I wouldn't neuter and LGD at 6mo. And, actually, I just wouldn't neuter an LGD at all. 
I have spayed the girls, but always feel guilty about it because it messes up their hips if you do it too early.
And neutering won't stop this behavior anyway. It is a dominance issue. You just have to correct them over and over.


----------



## FLFKY

Any good pointers on how to stop it?


----------



## Stonybrook

Why not neuter?


----------



## Kits&Kids

I know with the akbash breed fixing them has no efect on their garding ability weather male of female. It sounds like you need to change somthing.snip snip...


----------



## Chief Cook

This post made me laugh out loud. I was on the way to town one pretty Spring morning and a large white Great Pyranise (sp. sorry) stopped to "water" a sign post then continued across the road, followed by his entire flock of sheep! A friend of mine had a female cowdog in heat not far from where they were crossing the road. I would have loved to see her face when that Romeo and his "crew" showed up. Her female was in a locked and covered kennel, as she didn't want pups at the time. Just wondering, does it change the way the dog guards his flock if he is fixed?


----------



## Maura

Dogs shouldn't be fixed until they have finished their long bone growth and have gone into their broadening growth. For tiny dogs this may mean nine months of age. For giant dogs this may mean waiting until they are 2 1/2 or 3 years old. If you neuter early their bodies do not kick in the adolescent hormones and instead of filling out, they simply get taller. For a heavy breed with known hip problems, this is not a good idea. Not everyone agrees with this and it is controversial. Some people say that early neutering doesn't allow the dog to mentally mature, which you want with a working dog.

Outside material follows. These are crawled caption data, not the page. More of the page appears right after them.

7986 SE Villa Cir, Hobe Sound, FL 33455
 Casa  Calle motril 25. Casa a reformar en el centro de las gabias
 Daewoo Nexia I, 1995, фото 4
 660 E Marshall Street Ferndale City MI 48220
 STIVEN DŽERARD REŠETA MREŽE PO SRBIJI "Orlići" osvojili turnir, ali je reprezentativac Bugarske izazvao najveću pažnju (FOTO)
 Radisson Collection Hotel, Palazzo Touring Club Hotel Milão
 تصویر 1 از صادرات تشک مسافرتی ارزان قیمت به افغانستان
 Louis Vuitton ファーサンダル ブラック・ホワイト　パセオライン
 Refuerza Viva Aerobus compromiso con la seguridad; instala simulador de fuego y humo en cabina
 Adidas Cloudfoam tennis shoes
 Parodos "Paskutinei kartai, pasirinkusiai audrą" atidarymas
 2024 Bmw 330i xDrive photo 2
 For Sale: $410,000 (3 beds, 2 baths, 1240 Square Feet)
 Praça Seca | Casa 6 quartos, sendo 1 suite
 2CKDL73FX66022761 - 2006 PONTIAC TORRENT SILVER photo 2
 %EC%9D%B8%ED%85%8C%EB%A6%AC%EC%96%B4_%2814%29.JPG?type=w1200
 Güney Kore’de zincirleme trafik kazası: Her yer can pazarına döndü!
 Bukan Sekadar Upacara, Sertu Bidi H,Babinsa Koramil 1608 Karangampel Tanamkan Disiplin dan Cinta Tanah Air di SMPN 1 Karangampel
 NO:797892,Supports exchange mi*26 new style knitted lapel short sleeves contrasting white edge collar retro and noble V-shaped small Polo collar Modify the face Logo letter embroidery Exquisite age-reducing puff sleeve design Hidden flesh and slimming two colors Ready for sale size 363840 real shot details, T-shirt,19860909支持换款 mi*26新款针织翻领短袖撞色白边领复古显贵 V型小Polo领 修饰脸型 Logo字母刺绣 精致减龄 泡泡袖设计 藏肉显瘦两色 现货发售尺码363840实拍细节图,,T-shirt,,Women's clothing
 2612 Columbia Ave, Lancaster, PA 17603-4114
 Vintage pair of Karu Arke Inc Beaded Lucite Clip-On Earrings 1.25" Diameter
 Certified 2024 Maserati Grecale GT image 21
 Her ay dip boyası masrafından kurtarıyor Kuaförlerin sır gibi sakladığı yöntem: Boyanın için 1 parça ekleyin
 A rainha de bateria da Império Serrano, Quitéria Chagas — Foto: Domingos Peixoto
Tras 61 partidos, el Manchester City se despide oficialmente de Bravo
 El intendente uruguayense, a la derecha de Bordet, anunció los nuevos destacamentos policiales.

Neutering will help with roaming and looking for romance.


----------



## WV Farm girl

I vote with neutering. Without the hormone issue telling them to mate they will focus better on the job at hand. People that I have talked to with LGDs have always recommended it.
Talk to a vet if you are concerned with an age or growth issue. I think it is better to do it early before too many bad habits are established like roaming. I worked with vets and rescues for years and have never heard of anyone recommending to wait until they are years old. Earlier is usually better. Just MHO.


----------



## JPiantedosi

I have no experience with neutering of not neutering LGDs, all of ours are left intact. I will say that I will Never neuter a dog befor 12-18mos. I have seen too many long lean bird dogs that never truely develope any mass because their hormones were snuffed out, before they told the body to widen or bulk up. 
Same with horses......
Ever seen a gelding you couldnt distinguish from a mare because it was gelded at that 1yr date everyone is so wound up about?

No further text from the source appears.